Boredom set in by early evening. I poured a Scotch. Somewhere around nine o’clock all power failed ominously. Lights, television, suddenly gone with the subtle background sounds we never seem to notice until we can’t hear them anymore.
Now only the creaks and protests of the naked house, the sighs and moans of nature, ragged snow flapping at the windows. The phone rang.

“Everything copacetic over there?” Caddy asked.

“Yes. What about you?”

“I have a generator,” she said. “You’re welcome to come over if you can make it.”

“I’m sure the lane is blocked.”

“If you get desperate I’ll send someone with a snowmobile.”

I laughed. “How bad can it get?”

“Sometimes these things can go on for days. You have lamps?”

“They’re all over the place,” I said. “I was going to get rid of them but I kept them for decoration.”

“Get them ready, you’re going to need them,” she said.

After I put the phone down I did a mental inventory.

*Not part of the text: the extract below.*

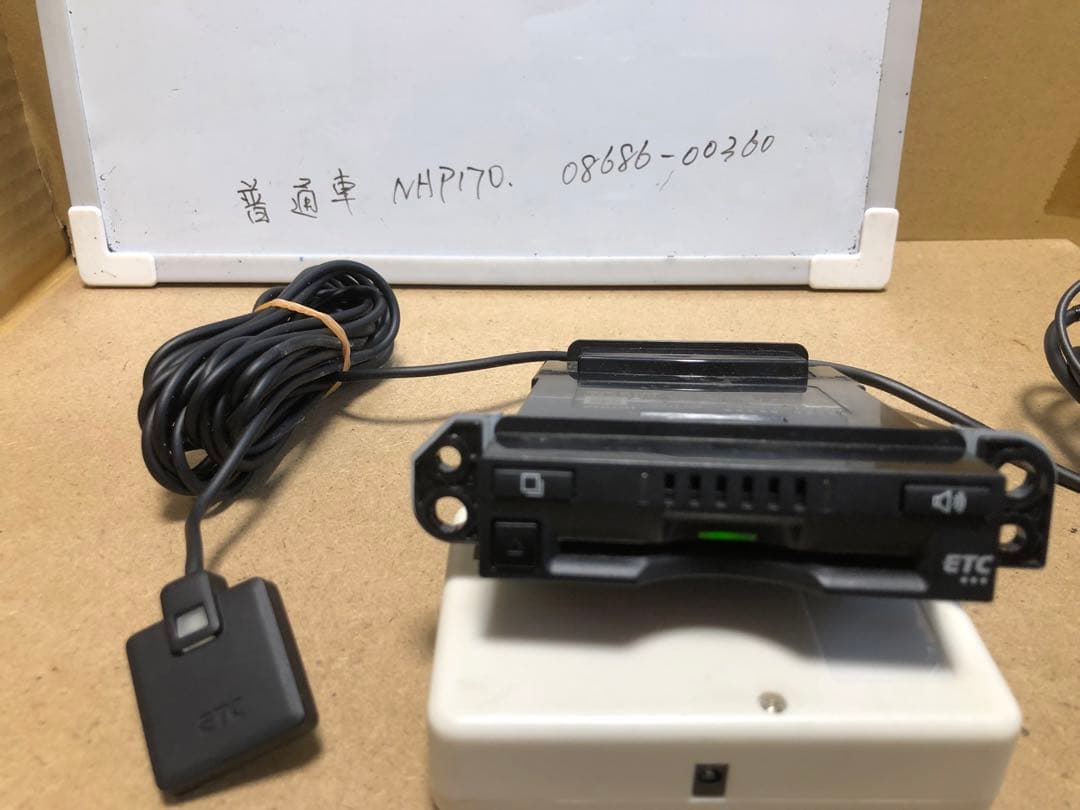 トヨタ純正ETC ビルトイン08686-00360普通車登録新セキュリティ対応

The lamps; stove in the living room is fuelled by oil; I have a propane camp stove somewhere; enough canned food for days; nothing to go bad in the refrigerator; I have a powerful flashlight (property of the Correctional Service of Canada). I realized that I was speaking aloud and that the dog was listening; the sound of my voice and the sense that it was being heard and understood was comforting. He came close, placed his snout on my knee. “I know you’re wondering about Strickland,” I said. “Whether I’m setting myself up for trouble, engaging with him. But you’d have to know the whole story, Birch.”

He licked my hand and clambered up beside me on the couch, turned in a full circle, then lay down, head resting on my thigh. “Go on,” he seemed to say.

“You’re the expert on loyalty,” I said. “You’d understand better than most people what Strickland and I really have in common. Something deeper than the fact that we were both adopted. We’re traitors, Strickland and me. I hate admitting it, Birch, but in the world we come from, we’re both known as rats.”

The dog lifted his head from my knee and stared up at me.

“That’s right. We’re rats. In the world that did so much to shape what we’ve become, where everyone is more or less a prisoner of the system—there are two distinct cultures, two breeds of animal, if you will. Each breed has rules so rigorous you wouldn’t believe it. Or maybe you would, actually. Maybe you would. Because rule one, the absolutely most important, is loyalty—you are unquestionably loyal to your own breed. Anyone who betrays his own is dead, one way or another. And that’s how Strickland and I both ended up back here, back where we started from, both more or less in hiding. His problem is that he got noticed. I want to know: Was your young friend’s death an accident? Or did he do something bad or stupid that night when Maymie showed up at his place. If he brought it on himself, he’ll have to face the consequences. That’s the way we see things, Birch. I know you understand.”

The dog yawned assent. I was relieved he couldn’t ask the obvious.

I’d known what the letter was about before I opened it. There is something ominous about an administrative summons. And over coffee we’d compared them. Me, Meredith, Wilson and Tommy Steele.


Roger
William Pittman,” Tommy scoffed. “Anybody know his name was Roger?” We all laughed.

“He was twenty-eight,” said Meredith. “Christ, I thought he was a lot older than that. Just from his record. Busy boy, he was.”

“Okay,” said Tommy. “This ain’t gonna be pretty. But we’re ready for it, right guys?”

There was a murmur of agreement from Meredith and Wilson.

“See, here’s the situation. We’ve all been through this before. People come along after the fact with twenty-twenty hindsight, right? Like we’re supposed to know what’s gonna happen
before
it fuckin happens, right? Just the way the brains trust knows after everything is done and all the reports are in. We were supposed to be fortune tellers.”

He was shaking his head sadly. Then he was looking straight at me, smiling at the mouth. Oh, but not the eyes. Eyes hardened by his insight and his certainties. “Something on your mind, Tony?”

“Maybe we should talk about this,” I said.

“What’s to talk about?”

“Maybe coming clean.”

Tommy didn’t move. He was sitting with his arm hanging over the back of his chair, expression wary. The coffee-shop din suddenly seemed far away.

“So you’re gonna strike out on your own,” he said at last.

“That’s not what I said.”

“Amounts to the same thing. You going rogue on us?”

“I’m just saying the simplest and safest thing is to explain exactly what happened.”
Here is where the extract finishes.